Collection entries

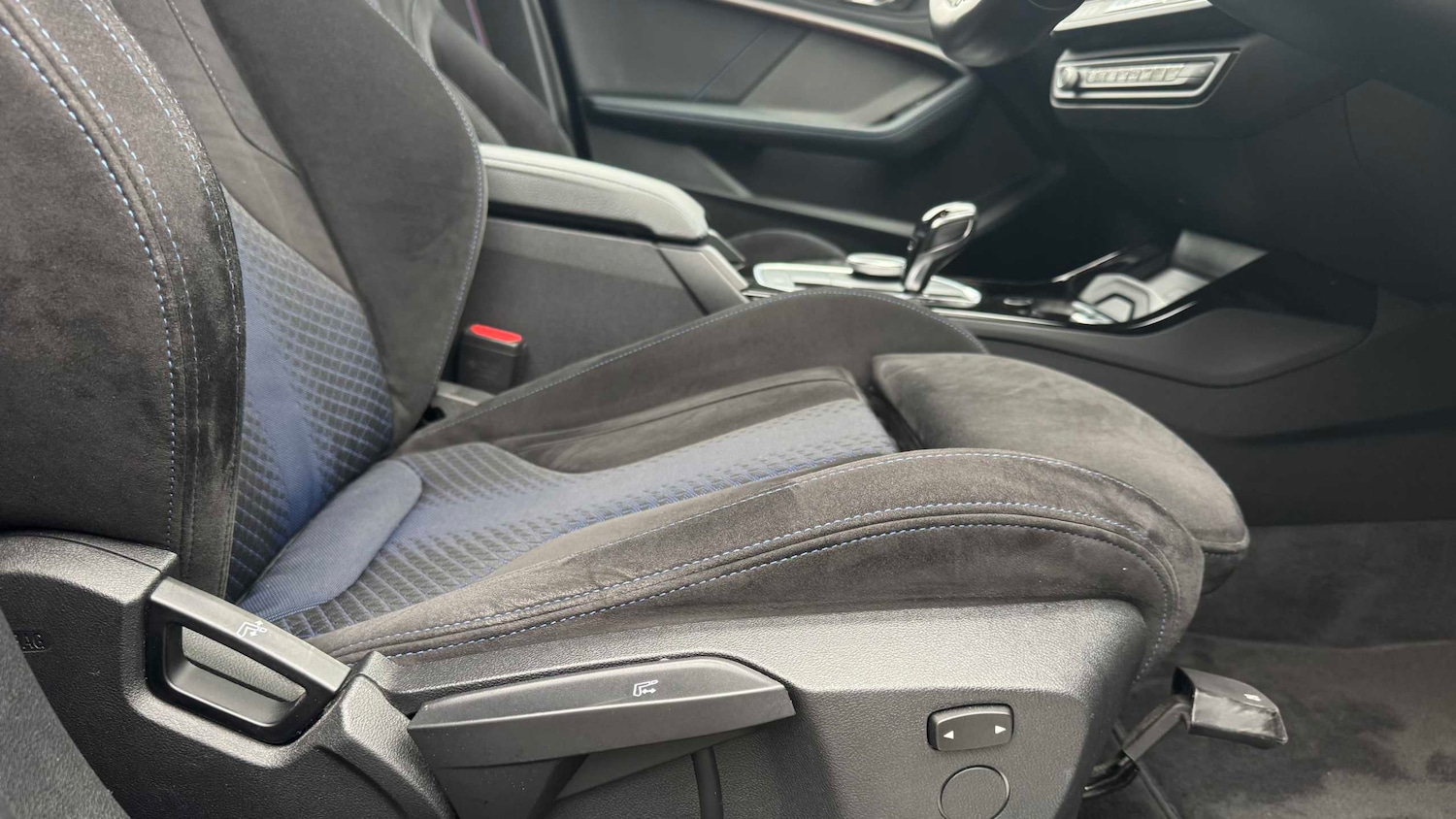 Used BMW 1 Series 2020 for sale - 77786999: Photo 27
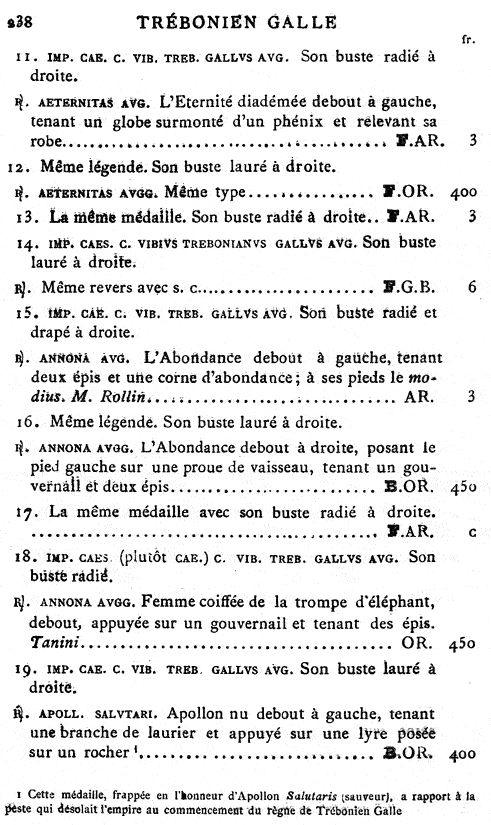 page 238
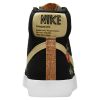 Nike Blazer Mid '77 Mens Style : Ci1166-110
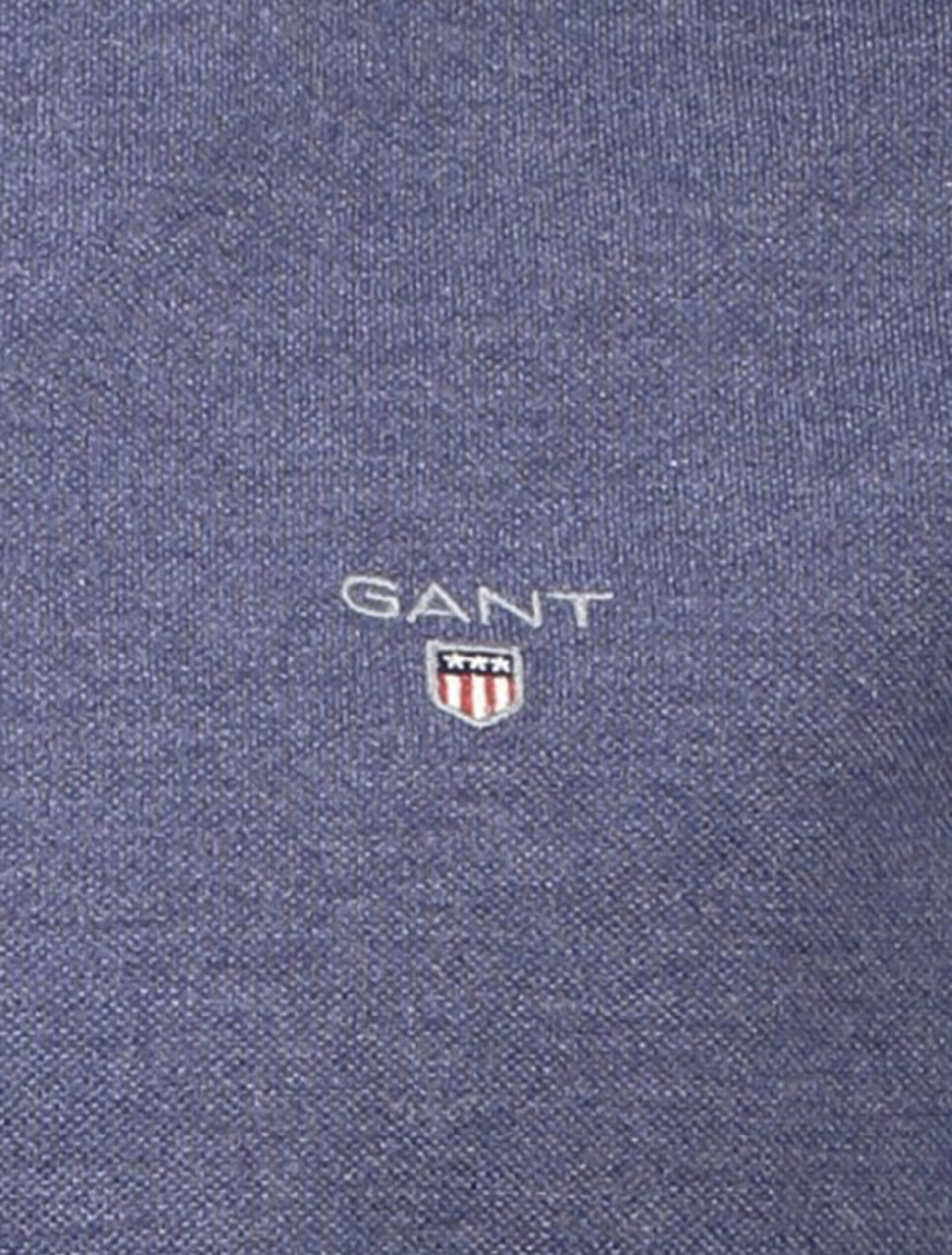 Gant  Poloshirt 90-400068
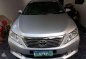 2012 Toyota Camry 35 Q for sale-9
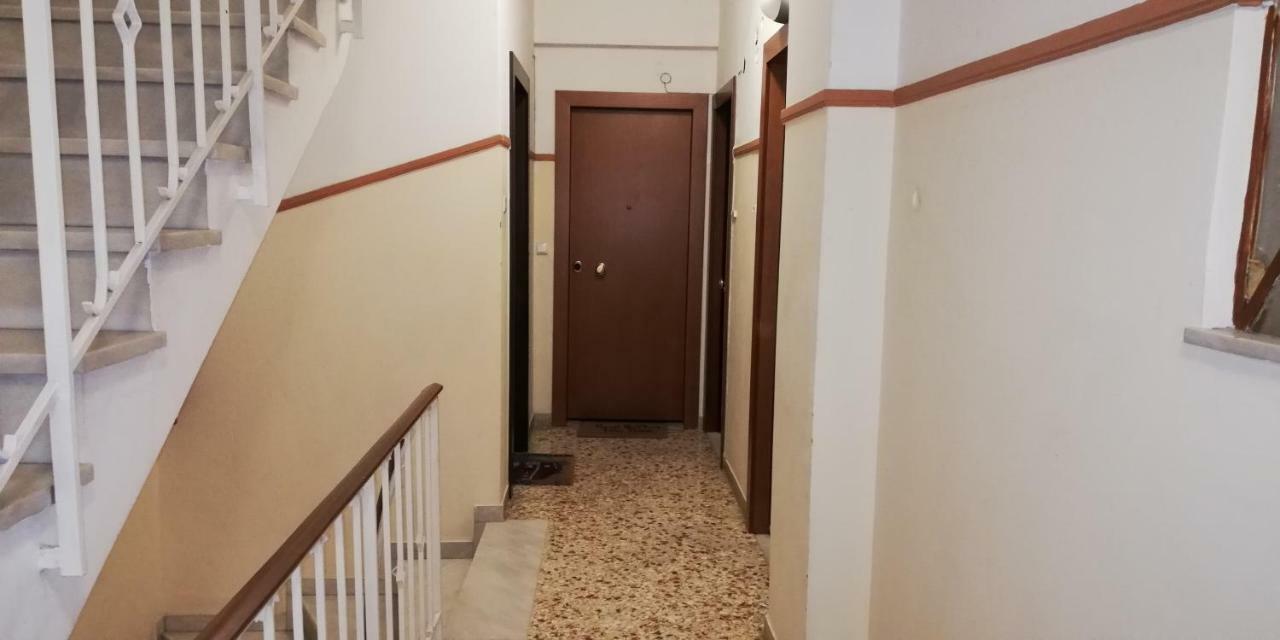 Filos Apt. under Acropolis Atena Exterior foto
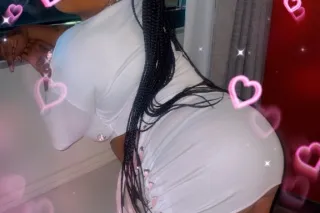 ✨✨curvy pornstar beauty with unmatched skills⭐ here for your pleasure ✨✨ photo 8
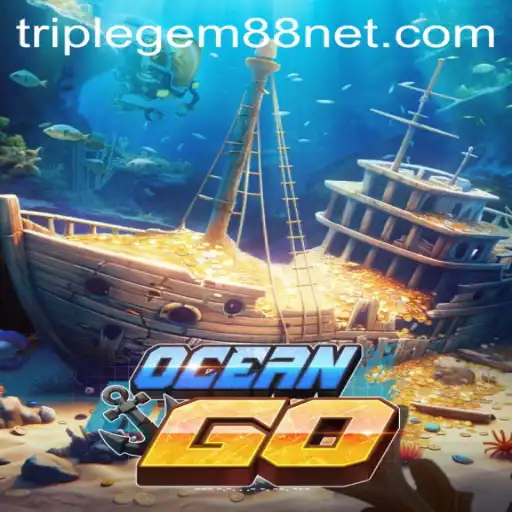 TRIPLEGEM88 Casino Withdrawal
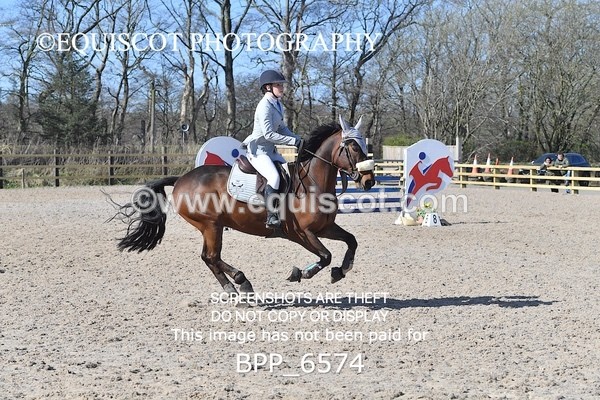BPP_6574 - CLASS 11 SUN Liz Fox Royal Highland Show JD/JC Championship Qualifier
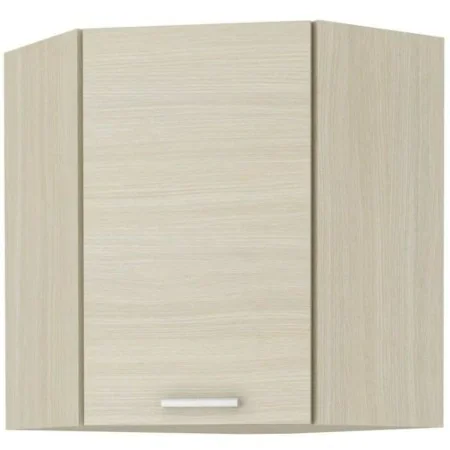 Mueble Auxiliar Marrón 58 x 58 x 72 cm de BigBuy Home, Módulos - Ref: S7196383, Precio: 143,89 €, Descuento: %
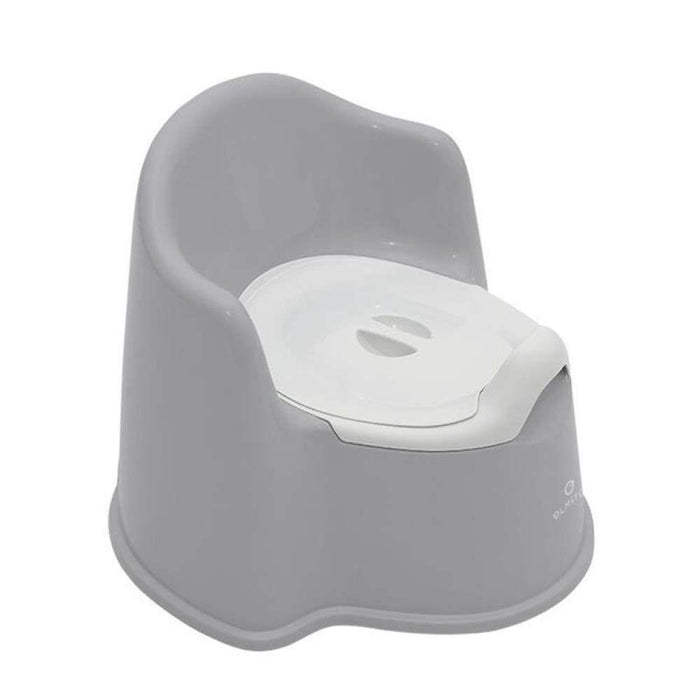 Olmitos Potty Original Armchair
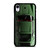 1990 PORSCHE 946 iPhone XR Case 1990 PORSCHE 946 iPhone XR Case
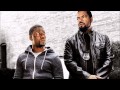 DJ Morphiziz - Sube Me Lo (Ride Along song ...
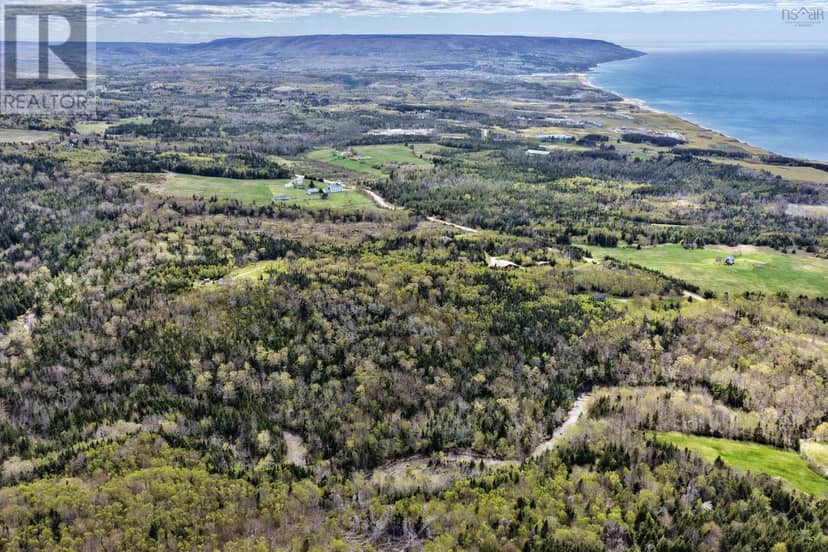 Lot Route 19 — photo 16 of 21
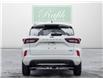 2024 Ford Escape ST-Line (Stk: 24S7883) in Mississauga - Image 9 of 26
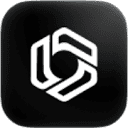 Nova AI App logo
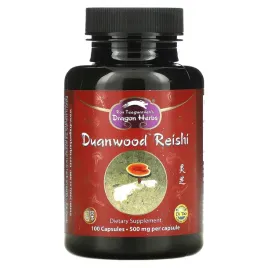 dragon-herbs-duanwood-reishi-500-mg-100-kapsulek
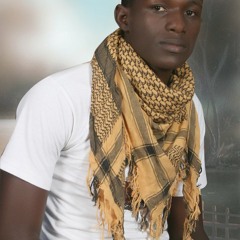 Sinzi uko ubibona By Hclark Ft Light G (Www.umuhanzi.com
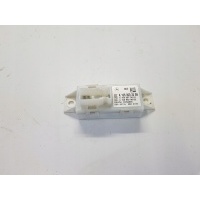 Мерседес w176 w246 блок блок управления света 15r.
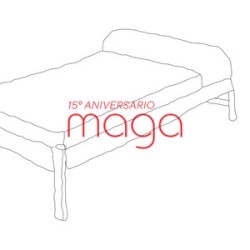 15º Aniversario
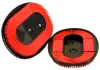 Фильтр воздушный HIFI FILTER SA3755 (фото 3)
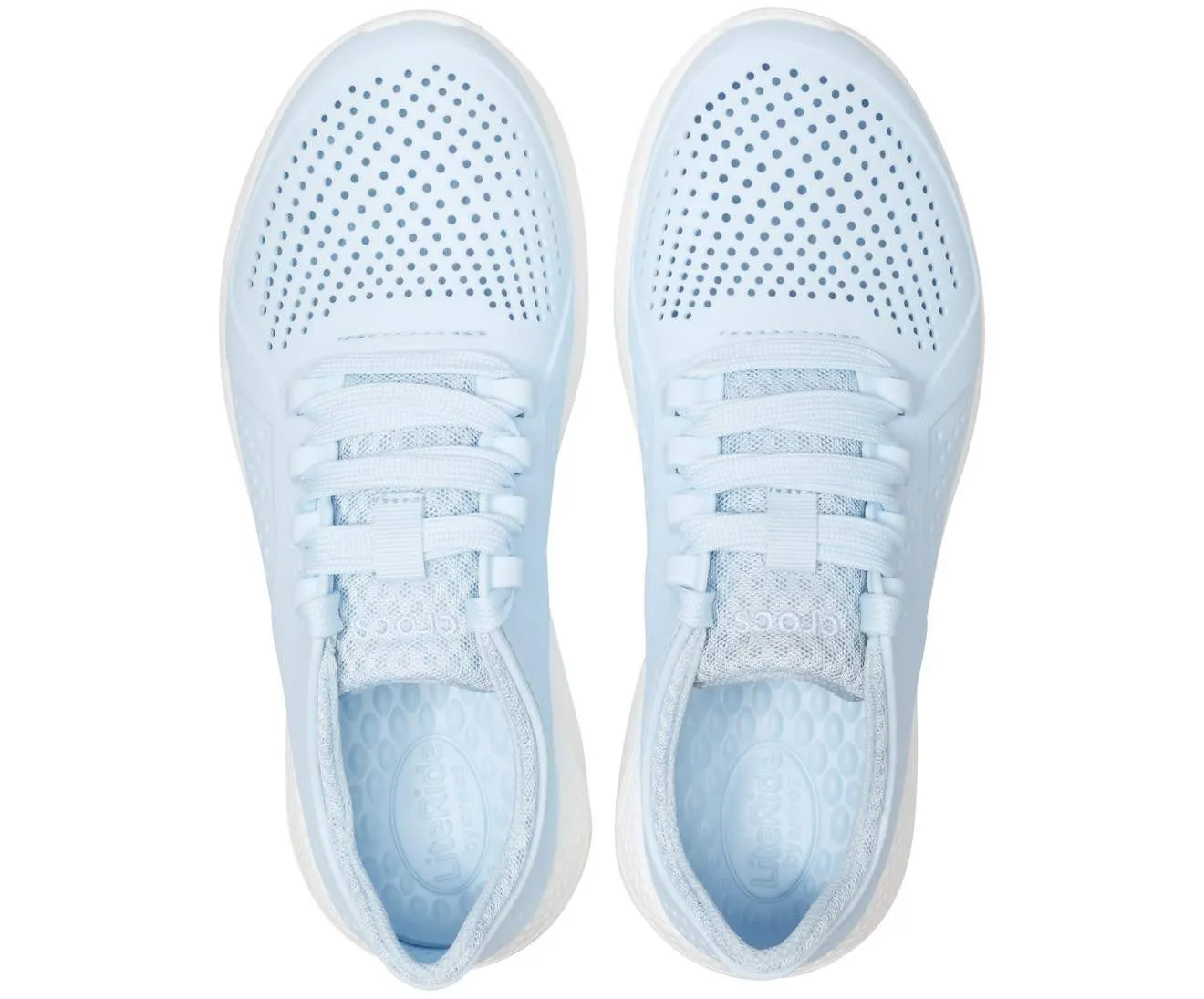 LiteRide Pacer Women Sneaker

TASK REQUIREMENTS >> A word-for-word copy of the lines from the one with "Sinzi uko ubibona" through the last line of the data above is required, with both end lines included and no pictures.

RESPONSE TO THE TASK >>
 Sinzi uko ubibona By Hclark Ft Light G (Www.umuhanzi.com
 Мерседес w176 w246 блок блок управления света 15r.
 15º Aniversario
 Фильтр воздушный HIFI FILTER SA3755 (фото 3)
 LiteRide Pacer Women Sneaker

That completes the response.